Die Akzeptanz gegenüber den Eingereisten wird nicht erhöht, wenn man regelmäßig erklärt, dass sie kaum eine Chance auf Anerkennung als politische Flüchtlinge haben. Die mittlerweile übliche Unterteilung in die erwünschten, aus poli­tischen Motiven Geflohenen und in die sogenannten Wirtschaftsflüchtlinge hat schlimme Auswirkungen. Selbst Nazis und Pegida erklären, dass sie nichts gegen politisch Verfolgte haben. Aber in ihrer Ablehnung von Wirtschaftsflüchtlingen und dem drängenden Wunsch nach deren schneller Abschiebung können sie sich mit der gesellschaftlichen Mehrheit einig sehen. Die Folge: Die Zahl der Angriffe auf Flüchtlingsunterkünfte ist bereits vor der Debatte um die Menschen aus dem Kosovo drastisch gestiegen, wie die Antwort der Bundesregierung auf eine Anfrage der Linkspartei ergab. Seit 2012 hat sich die Zahl der Angriffe auf Flüchtlingsunterkünfte versechsfacht. Damals lag die Zahl der von der Bundesregierung erfassten Attacken bei 24, 2013 bei 58 und im vergangenen Jahr bei 150. Allein in den letzten drei Monaten des Jahres 2014 gab es nach Angaben der Bundesregierung 67 Übergriffe auf Flüchtlingsheime und ihre Bewohner.
In Kommentaren und Debattenbeiträgen wird oft eine Verbindung zwischen der steigenden Zahl von Anschlägen und der islamfeindlichen Pegida-Bewegung gezogen, die im Oktober 2014 ihren Aufschwung nahm. Tatsächlich hat sie, auch wenn sie im Westen nicht Fuß fassen konnte, die Diskussion in Deutschland weit nach rechts verschoben. Pegida scheint sich zwar mehr und mehr zu zerlegen.

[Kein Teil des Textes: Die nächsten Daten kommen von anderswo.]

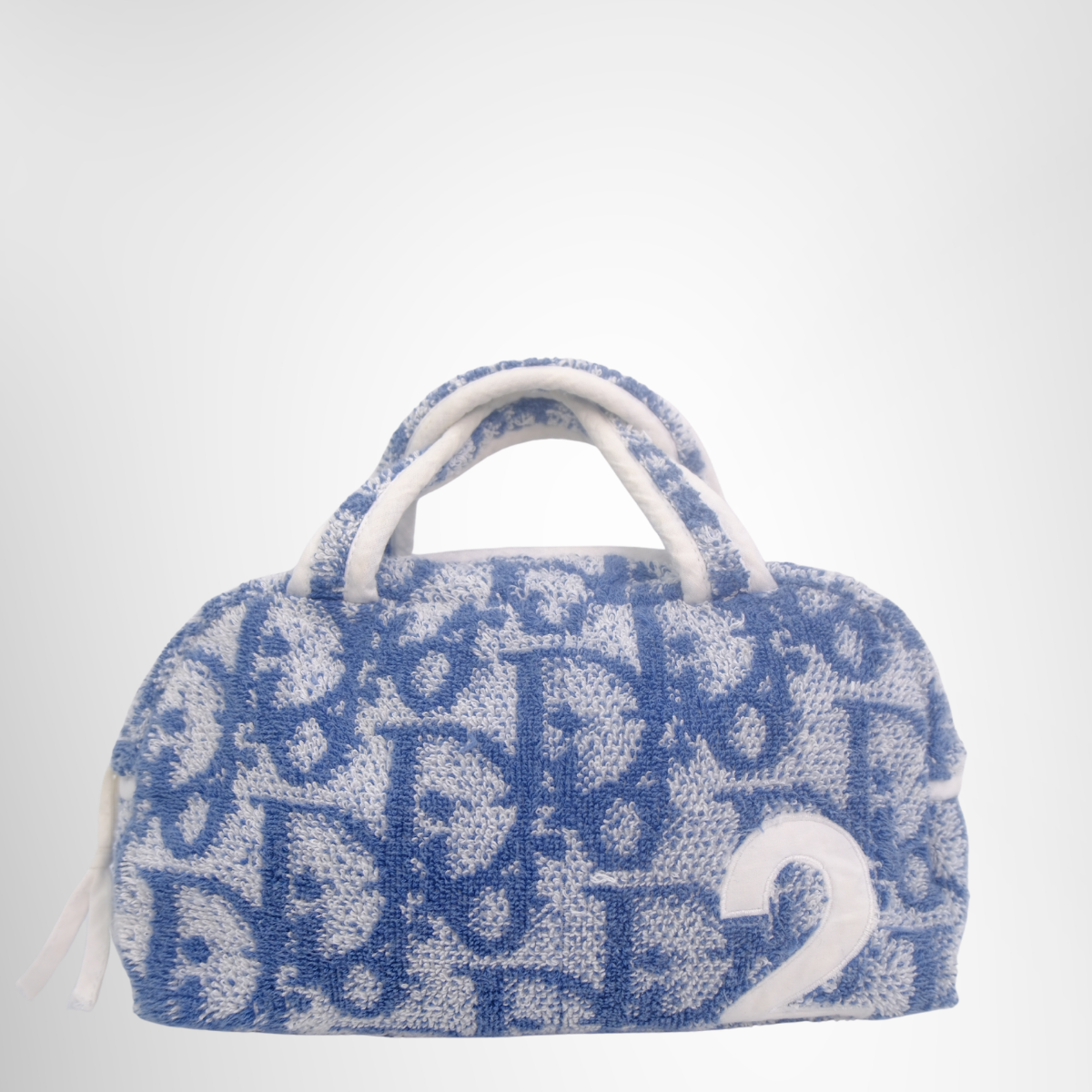 Dior Preowned Luxury Trotter Pine Mini Bag Front Page - Antonio & Co.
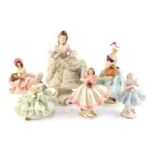 A group of Continental porcelain crinoline figures, to include Dresden, the largest 16cm high.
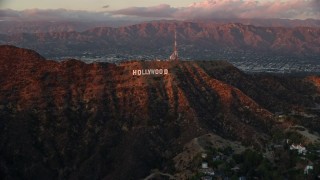 AX0162_101E - 7.6K aerial stock footage of the Hollywood Sign at twilight in Los Angeles, California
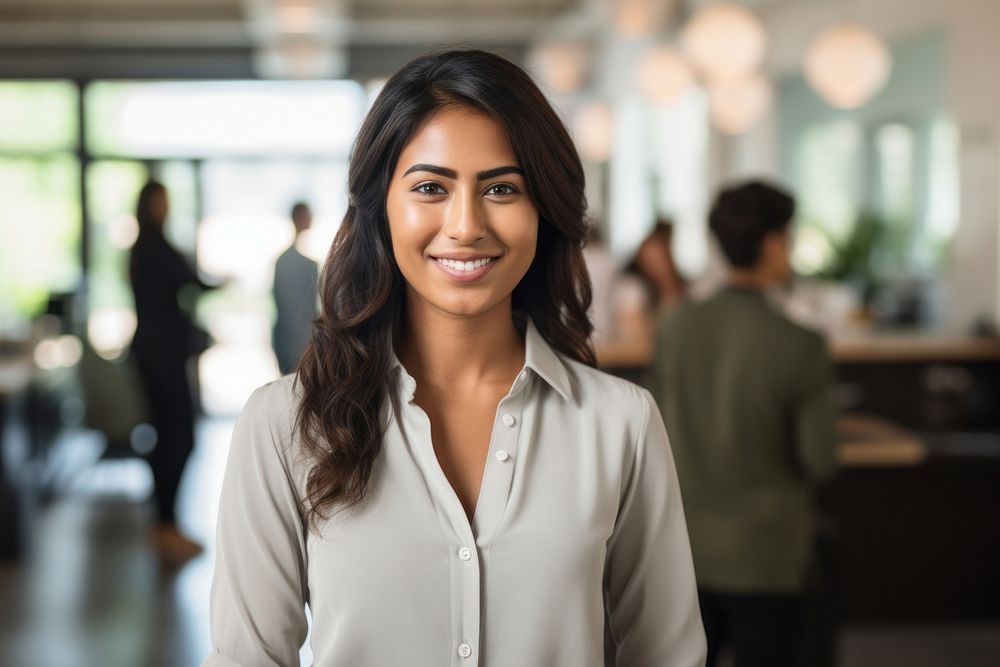 Mixed south asian woman standing smiling adult smile entrepreneur. AI generated Image by rawpixel.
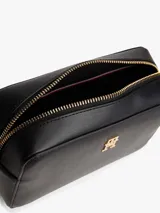 Cartera cruzada tipo cámara de poliuretano negro, con cierre principal de cremallera y monograma TH metálico dorado al frente. Incluye correa larga ajustable con cinta distintiva de rayas azul, blanco y rojo.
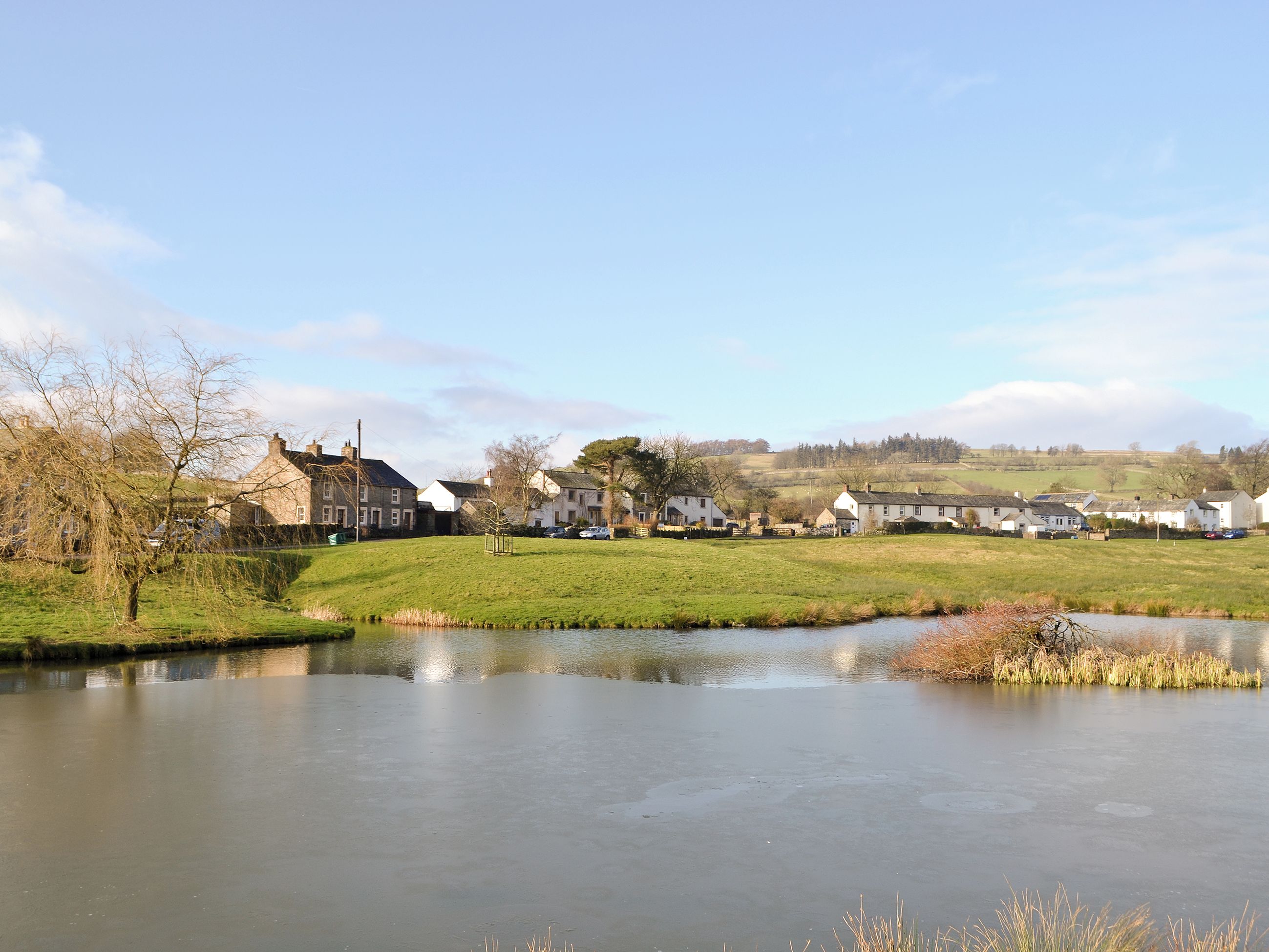 Un tranquilo pueblo junto al río, con casas y un estanque.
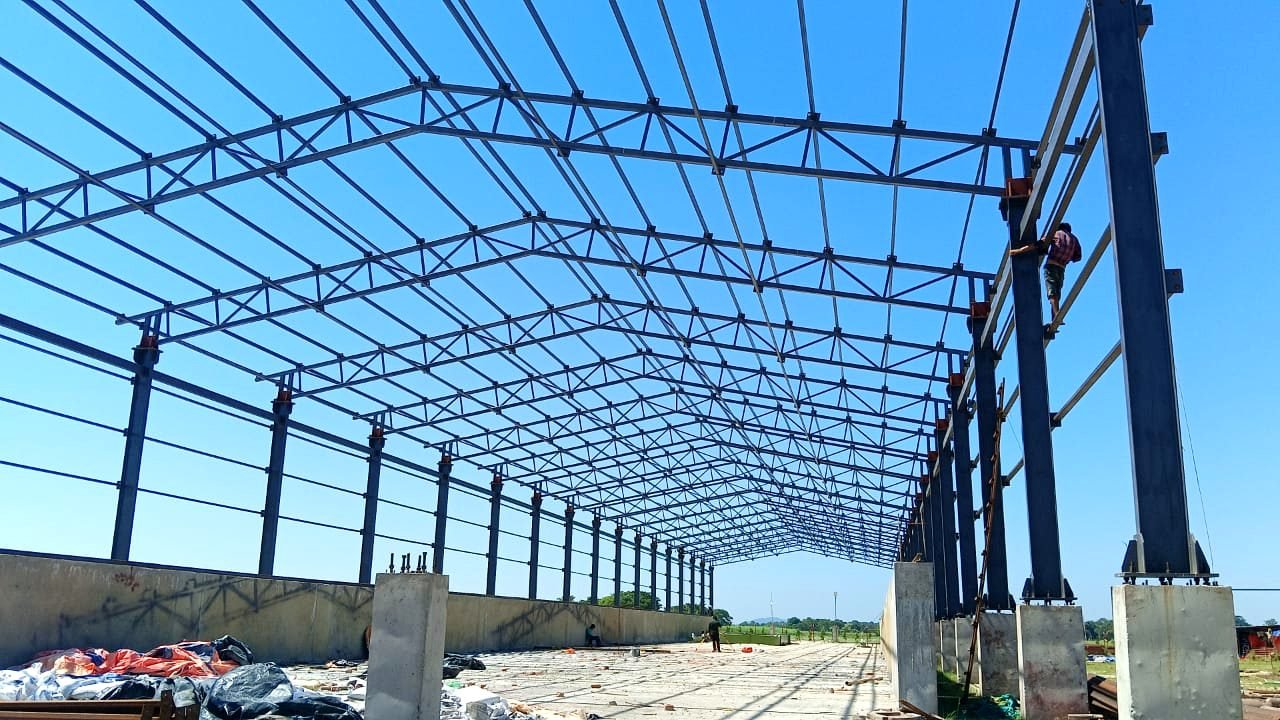 Steel roof truss structure fabricated by FabSteel on a warehouse site in Guwahati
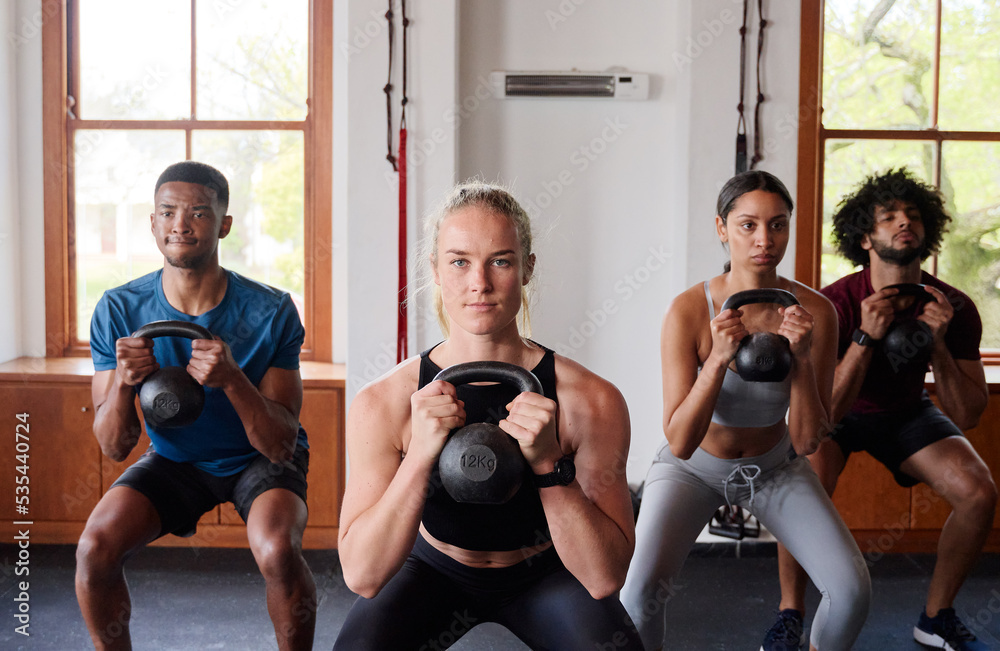 Fototapeta premium Group of resilient multiracial young adults doing kettlebell squats at the gym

Doch ihre migrantenfeindlichen Botschaften erleben durch die Debatte um die Flüchtlinge aus dem Kosovo einen neuen Aufschwung. »Offensive gegen Masseneinwanderung«, freut sich Focus Online.

Als die deutsche Regierung die Menschen im Kosovo für den Kampf gegen Serbien instrumentalisieren konnte, hatte ihr Schicksal einen hohen Stellenwert für sie. Damals ging es um die staatliche Unabhängigkeit, die den EU-Staaten und ihren geostrategischen Plänen gelegen kam. Deshalb unterstützten sie die kosovarischen Se­paratisten im Kampf um die Unabhängigkeit, die wirtschaftlich gesehen einfach Wahnsinn ist. Doch wie die Menschen in dem Kleinstaat ökonomisch zurechtkommen, ist den EU-Verantwort­lichen und der deutschen Regierung gleichgültig. Nach den Zahlen der UN leben 17 Prozent der 1,8 Millionen Bewohner des Kosovo in extremer Armut und haben am Tag weniger als 0,94 Euro zur Verfügung. 45 Prozent leben in absoluter Armut mit einem Betrag von 1,42 Euro am Tag. 16 Prozent der Kinder leiden aufgrund von Ernährungsmangel an Wachstumsstörungen. Schätzungsweise 40 Prozent der Einwohner sind arbeitslos, unter den Jugendlichen sind es 70 Prozent. Korruption und organisierte Kriminalität blühen unter den Augen der EU-Aufseher im Land, ohne die keine Regierung zustande kommt. »Der Kosovo leidet an massiven Defiziten bezüglich fast aller Strukturen, die Staatlichkeit ausmachen«, stellte die Menschenrechtsorganisation Pro Asyl fest.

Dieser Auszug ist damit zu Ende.